##### Available data #####

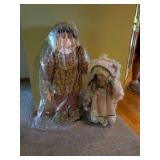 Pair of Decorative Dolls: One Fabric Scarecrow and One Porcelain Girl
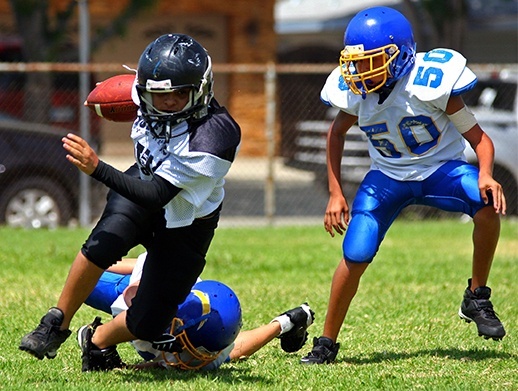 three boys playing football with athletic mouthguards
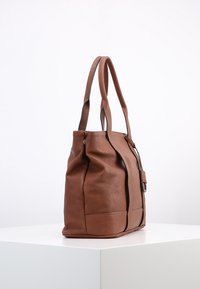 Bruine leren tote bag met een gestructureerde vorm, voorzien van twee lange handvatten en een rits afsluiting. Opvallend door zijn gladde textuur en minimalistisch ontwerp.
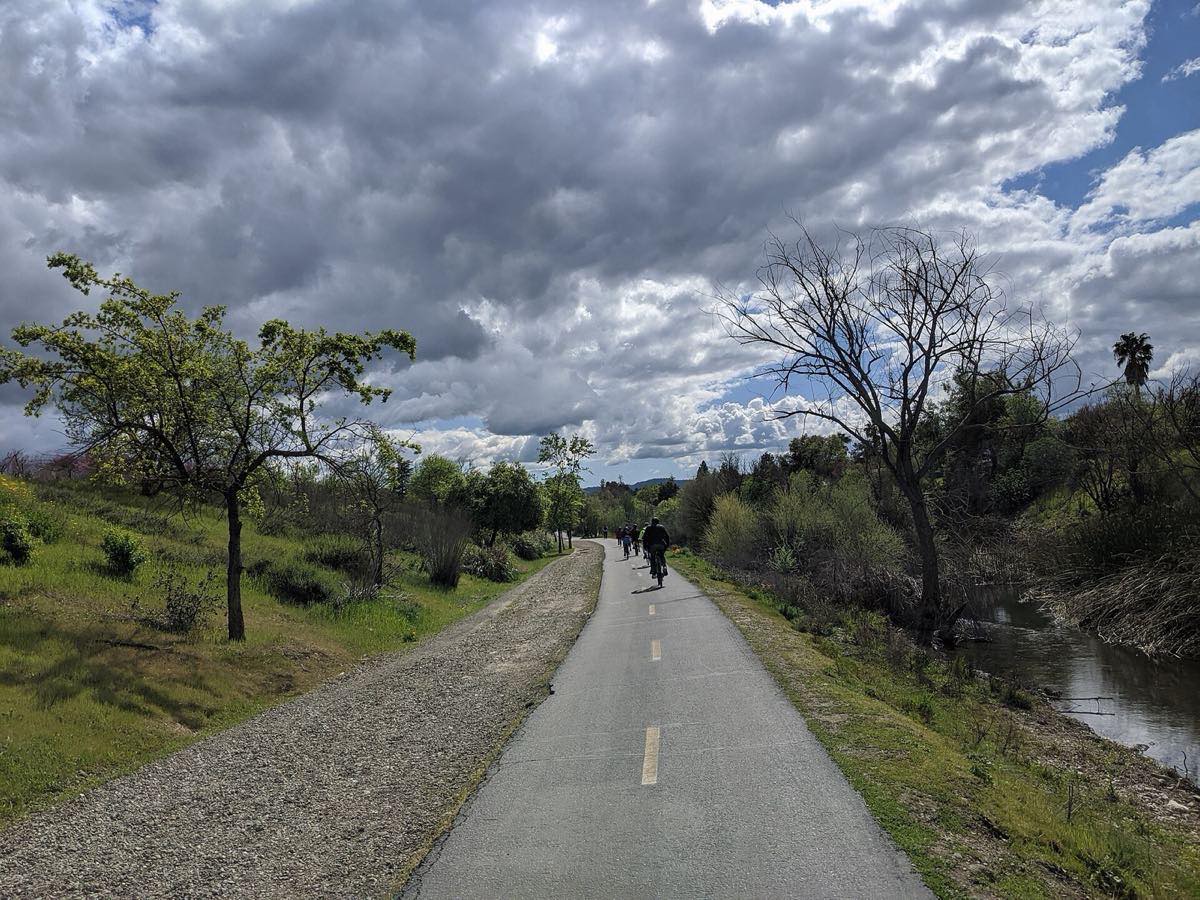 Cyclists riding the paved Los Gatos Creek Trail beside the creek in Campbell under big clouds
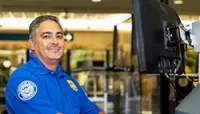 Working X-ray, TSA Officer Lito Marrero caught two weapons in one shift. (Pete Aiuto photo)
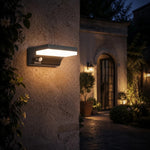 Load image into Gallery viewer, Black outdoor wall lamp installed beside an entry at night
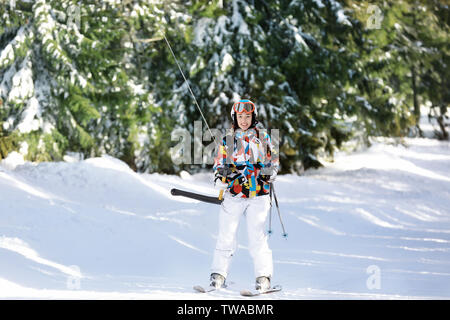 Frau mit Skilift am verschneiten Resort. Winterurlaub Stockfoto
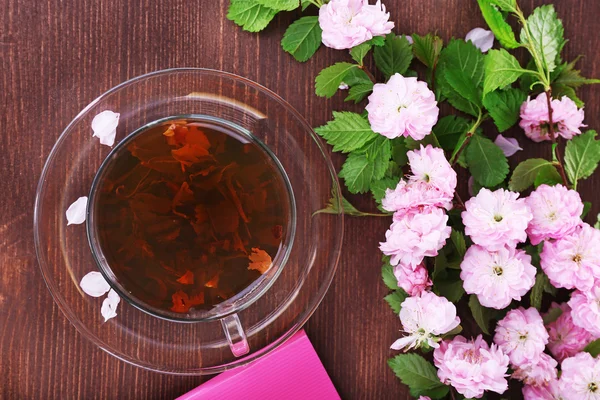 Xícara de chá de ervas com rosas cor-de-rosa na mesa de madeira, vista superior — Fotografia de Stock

#####

# Problem requirements:
Make a verbatim copy of all the entries and strip out the pictures.

# Exercise answer:
 Pair of Decorative Dolls: One Fabric Scarecrow and One Porcelain Girl
 three boys playing football with athletic mouthguards
 Bruine leren tote bag met een gestructureerde vorm, voorzien van twee lange handvatten en een rits afsluiting. Opvallend door zijn gladde textuur en minimalistisch ontwerp.
 Cyclists riding the paved Los Gatos Creek Trail beside the creek in Campbell under big clouds
 Working X-ray, TSA Officer Lito Marrero caught two weapons in one shift. (Pete Aiuto photo)
 Load image into Gallery viewer, Black outdoor wall lamp installed beside an entry at night
 Frau mit Skilift am verschneiten Resort. Winterurlaub Stockfoto
 Xícara de chá de ervas com rosas cor-de-rosa na mesa de madeira, vista superior — Fotografia de Stock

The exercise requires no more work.